The results for realized volatility of oil prices uncover our first evidence of monetary policy (through the federal funds rate) reacting to oil shocks. Forecasts of GDP and the CPI can also potentially be improved by controlling for" oil price volatility. One interpretation is that, as suggested by Bernanke, Gertler, and Watson (1997), the Federal Reserve attempts to influence CPI inflation and GDP growth by changing its federal funds rate target in response to oil price shocks. Whatever the reason, forecasting models of oil volatility and the CPI, GDP, and the federal funds rate may be worthy of further analysis. It should be noted that the [R.sup.2] for CPI inflation is low (approximately 5%).

Column 8 of Table 2 gives p values of the CS test for nonlinear predictability. CS is a generalized version of the CCS test. It allows the researcher to choose a generic weight function w(*) which is nonlinear in [Z.sub.t-1] so that the test has improved power against many nonlinear alternative models. The results of this test are basically the same as for the CCS tests. Only in the case of PPI inflation does the CS test reject, suggesting that oil price may only help to forecast PPI inflation; the CS test apparently detects the same relationship as the CCS test.

The last column in Table 2 is the relative mean-squared error of a fully nonparametric VAR model, with oil prices, against a nonparametric AR model. Details on the construction of these forecasts are discussed in Section II. The nonparametric model does not nest the previous two nonlinear specifications, NOPI and realized volatility, because the right-hand-side variables are different. NOPI compares the present month's oil price with the highest oil price observed in the previous year, while the realized volatility series is constructed using daily oil price data. The right-hand-side variables for the nonparametric forecasting models do not include either the highest oil price of the previous year or the daily observations on oil prices. (15) The advantage of the nonparametric model is that it allows for any type of nonlinearity in the relationship between the macroeconomic variables and the lagged oil price changes. The results indicate that there is very little to be gained from a nonparametric specification. For 10 of the 12 cases, the relative MSE is greater than 1, meaning that the model with oil prices does worse than the AR model, and for the other two cases, the relative MSE is close to 1. The distribution of predictive ability test statistics, such as the CCS test or DM test, has not been derived for nonparametric estimation models, but formal tests are really not necessary given that the relative MSE is seldom below 1.
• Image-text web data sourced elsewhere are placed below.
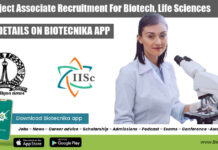 IISc Project Associate Recruitment For Biotech, Life Sciences – Applications Invited IISc Project Associate Recruitment
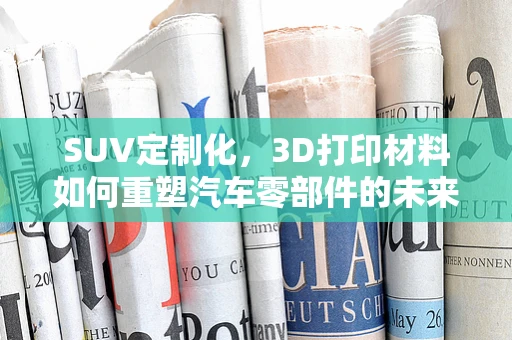 SUV定制化，3D打印材料如何重塑汽车零部件的未来？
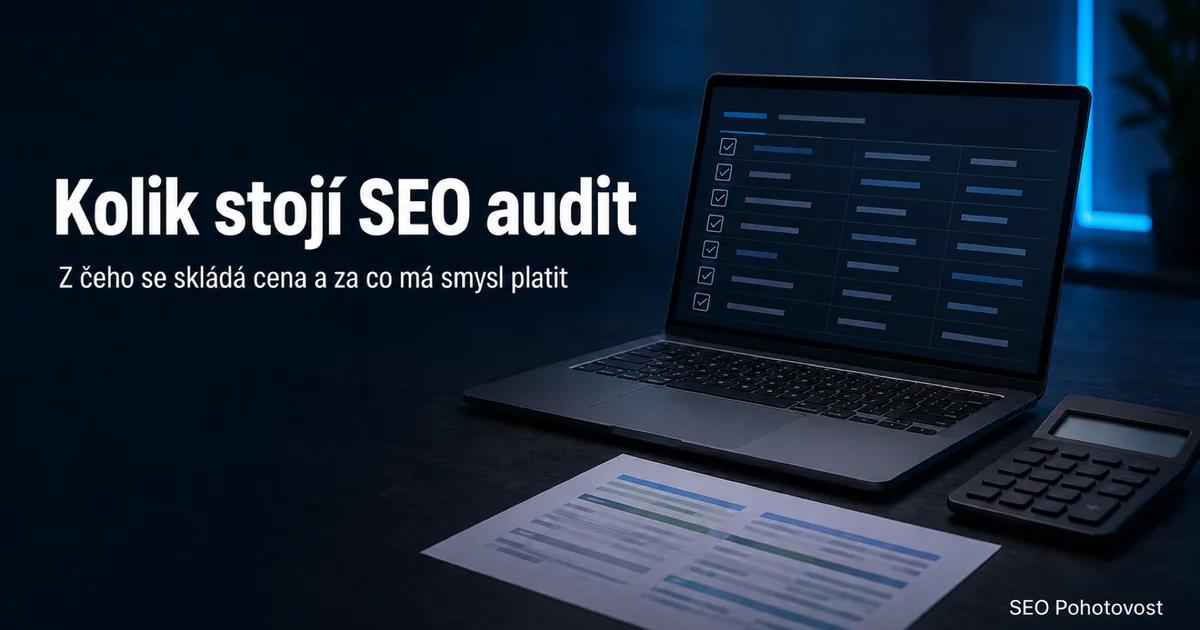 Kolik stojí SEO audit: z čeho se cena skládá a co za ni má být v dodávce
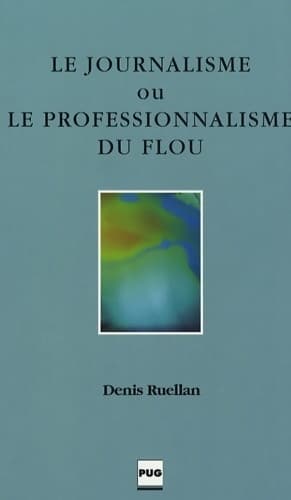 Journalisme ou le professionnalisme du flou - D. Ruellan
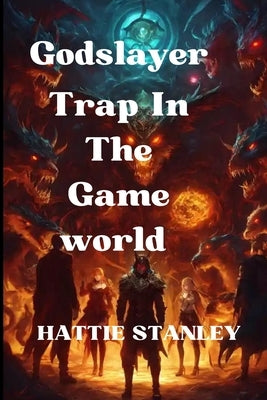 Godslayer: Trap In The Game world by Stanley, Hattie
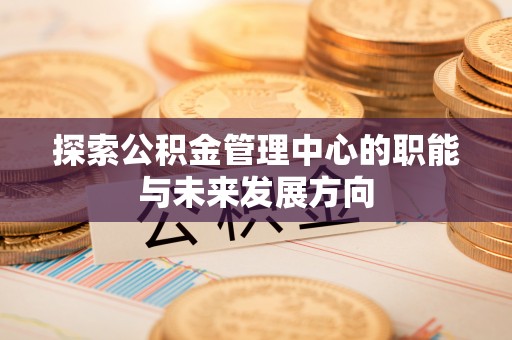 大安探索公积金管理中心的职能与未来发展方向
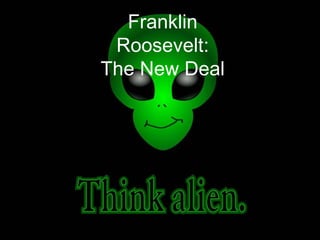 Franklin Roosevelt: The New Deal 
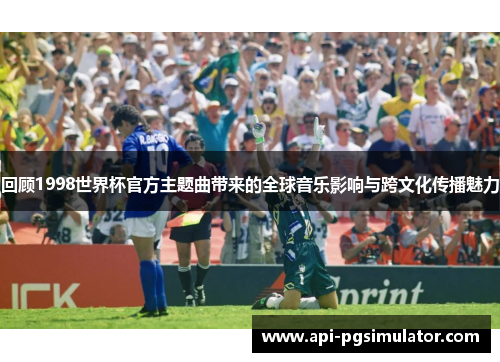 回顾1998世界杯官方主题曲带来的全球音乐影响与跨文化传播魅力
We can summarize our findings as follows. The only variable for which forecasts are consistently improved upon by controlling for oil price fluctuations is PPI inflation. This is not surprising, as oil prices enter the PPI directly, causing oil prices and the PPI to be related by construction. Adding oil prices as additional predictors, we do not find any improvement in forecasts of either CPI inflation or various measures of output and monetary policy. Our findings are robust when oil price changes are replaced by either the NOPI or the oil price volatility, with a few notable exceptions for oil price volatility, which suggests a direction for future research. We emphasize that because our results are based on the application of the CCS test, we have not relied on a specific alternative model (such as a potentially over-parameterized linear VAR model or incorrectly specified parametric nonlinear model) and do not rely on a particular estimation strategy (such as ordinary least squares estimation with no restrictions on the parameters). The Federal Reserve, for instance, often relies on structural model forecasts, a point made clearly by Meyer (1997). Additionally, our nonparametric estimation results do not impose any parametric regression functional forms under either the null or the alternative hypothesis.

C. Changes in Methodology

We now investigate the robustness of our results to changes in the methodology. We first consider the use of disaggregated rather than aggregate data. This is motivated by Lee and Ni (2002) to avoid the possibility that oil shocks affect some sectors of the economy but that using aggregate data makes it difficult to uncover those effects. Additionally, stock traders are often interested in the performance of individual sectors of the economy rather than the aggregate economy. Table 3 replicates Table 2 for industry-level industrial production growth in 11 sectors that might plausibly be expected to be affected by oil shocks. As before, the CCS test finds no evidence that the linear oil shock measure has predictive power for output in any of the industries, and the largest [R.sup.2] is less than 4%. The MSE for a VAR model including oil prices relative to the MSE of an AR model is greater than 1 in all cases, so that the model with oil prices never predicts better. (16) This does not mean that our results conflict with Lee and Ni (2002). Our interest is in out-of-sample forecast performance, whereas the goal of their paper was to characterize the relationship between oil prices and industry output. Many factors can explain the poor historical forecast performance of models with oil without suggesting any inadequacy in the specification of Lee and Ni (2002).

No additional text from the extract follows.